Standards and Open Source for Cloud Computing
Three recent announcements highlight the evolving cloud ecosystem in favor of openness and standards.
- Red Hat has moved its Deltacloud effort to the Apache Incubator. According to David Lutterkort:
The main reason for this move is that we’ve heard from several people that they really liked the idea of Deltacloud, and the concept of a true open source cloud API, but didn’t like it as a Red Hat project. Apache Incubator is a well-established place for parties with different interests to collaborate on a specific code base, so it seemed the logical place to address these concerns.
- Rackspace announced its OpenStack project"
On July 19, 2010, we announced that we are opening the code on our cloud infrastructure. ... The initial components being offered through this project include the code that powers our Cloud Files (available today) and Cloud Servers (expected available late 2010).
- The Distributed Management Task Force (DMTF) has released two documents - "Architecture for Managing Clouds" and "Use Cases and Interactions for Managing Clouds that are intended to lay the groundwork for DMTF's next step; naming an API working group to draft APIS for "infrastructure as a service."
OpenStack and Apache Deltacloud have similar goals - building lightweight REST APIs that allow cloud provider access via an HTTP network. OpenStack is more focused on public cloud service providers and Deltacloud is more focused on private clouds.
The DMTF work is more basic. First, they are trying to establish a common vocabulary of cloud computing terms. Then it hpes to write a set of public APIs that cloud vendors can use to supply standard cloud services. Ultimately the DMTF would name a working group that would draft APIs for infrastructure as a service - specifically an interface for each stage of cloud operations; e.g. submitting an external workload, loading the virtual machine, starting the VM, storing results, and termination.
One possible snag in the DMTF effort is the lack of participation by Amazon and its EC2. Winston Bumpus, president of the DMTF and VMwares standards director believes that the DMTF effort should move forward regardless. "If the APIs are wll drafted and widely followed, the pressure will build on Amazon to support it."
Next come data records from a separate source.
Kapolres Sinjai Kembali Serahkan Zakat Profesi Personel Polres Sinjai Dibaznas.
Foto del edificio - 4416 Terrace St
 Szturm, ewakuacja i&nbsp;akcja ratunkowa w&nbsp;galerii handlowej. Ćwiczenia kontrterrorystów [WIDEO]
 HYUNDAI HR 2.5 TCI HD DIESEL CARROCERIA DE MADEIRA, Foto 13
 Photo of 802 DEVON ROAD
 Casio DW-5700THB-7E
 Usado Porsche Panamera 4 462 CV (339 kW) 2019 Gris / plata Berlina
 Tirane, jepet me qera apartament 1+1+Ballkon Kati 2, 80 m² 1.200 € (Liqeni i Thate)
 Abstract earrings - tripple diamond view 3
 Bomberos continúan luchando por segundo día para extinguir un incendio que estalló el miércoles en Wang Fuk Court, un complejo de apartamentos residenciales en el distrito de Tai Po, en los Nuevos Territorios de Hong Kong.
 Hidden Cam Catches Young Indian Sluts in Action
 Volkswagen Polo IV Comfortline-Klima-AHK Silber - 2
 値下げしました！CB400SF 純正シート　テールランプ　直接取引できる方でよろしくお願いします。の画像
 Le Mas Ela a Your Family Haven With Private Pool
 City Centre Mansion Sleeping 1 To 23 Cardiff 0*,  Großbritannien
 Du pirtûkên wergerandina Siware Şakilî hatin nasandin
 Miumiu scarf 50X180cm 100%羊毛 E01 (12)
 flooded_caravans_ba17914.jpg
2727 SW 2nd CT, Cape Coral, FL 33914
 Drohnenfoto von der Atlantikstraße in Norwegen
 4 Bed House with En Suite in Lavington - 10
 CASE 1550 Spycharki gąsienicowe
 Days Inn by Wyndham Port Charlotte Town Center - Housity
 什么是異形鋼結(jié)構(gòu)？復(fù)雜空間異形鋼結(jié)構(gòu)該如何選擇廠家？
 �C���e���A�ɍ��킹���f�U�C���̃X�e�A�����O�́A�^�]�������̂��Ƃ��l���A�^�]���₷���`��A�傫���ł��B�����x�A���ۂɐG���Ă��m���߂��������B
The need for standards and the desirability of open source projects for cloud computing infrastructure and management seems to be needed, and needed quickly. A June 2010 survey by Information Week Analytics shows that 40% of surveyed companies are already using cloud services and another 20% plan to use them within the next 24 months. Charles Babcock, at techweb.com suggests:
We need all these efforts to evolve the cloud, so it connects to many different customers and implements varied styles of computing.
Will your company find value in standards or be able to take advantage of the open source projects focused on cloud computing as an infrastructure service?
Machine image portability is not the problem
Developers expect the cloud applications to be portable. This needs standardization of middleware (eg: stateless architecture) and datastore (eg: NoSQL - BigTable, Azure storage, Force.com DB) at the PaaS layer.
Re: Machine image portability is not the problem
One project that seems to try to address this issue is Apache Nuvem, which recently joined Apache and is currently undergoing the Incubation process at the ASF and it has the main goal to : Define an open API that abstracts common cloud platform services to help decouple the application logic from the particulars of a specific proprietary cloud AND Implement the Nuvem API for popular clouds such as Google AppEngine, Amazon EC2 and Microsoft Azure. If people are interested in this area, feel free to join us at Apache Nuvem mailing lists.
Re: Machine image portability is not the problem
GridGain is a distributed cloud computing middleware that combines that combines compute and data grid technology with unique auto-scaling capabilities on any managed infrastructure - from a single laptop to a large hybrid cloud consisting of thousands of nodes.
Using GridGain you can quickly build distributed applications that work natively in the cloud environment: scale up or down based on the demand, cache distributed data for high availability, and speed up long running tasks using MapReduce.
GridGain = Compute + Data + Cloud
I like vmforce, especially from the point of view that it enables java developers to leverage force.com marketplace. But this "portability" pitch of vmforce without substantiation is simply overrated.
vmforce is based on spring and runs on force.com DB. This is a proprietary database of salesforce.com. Once your application is written using persistence and query language specific to force.com DB, is difficult to port it, even though it is written in java!
Thats why i was talking about standardization of datastore (eg: NoSQL - BigTable, Azure storage, Force.com DB) access, earlier.
But the JPA was spec-ed for relational databases (unlike JDO). Trying to retrofit these NoSQL databases into the same standards, is not a good idea, IMO. Apart from the join & query limitations, in ACID properties:
- Atomicity is not guaranteed across partitions for these databases (both BigTable & Force.com DB that DataNucleus supports). It has to be built around idempotency, instead of 2-phase commits.
- Transaction isolation. JPA assumes pessimistic concurrency control, instead of optimistic. The workaround that we do around session.flush() either screws up read consistency or atomicity. It is also not clear how columns that are stored as rows in Force.com DB, work for row locks in READ_COMMITTED transaction isolation.
So i re-iterate: standardization of datastore access, please!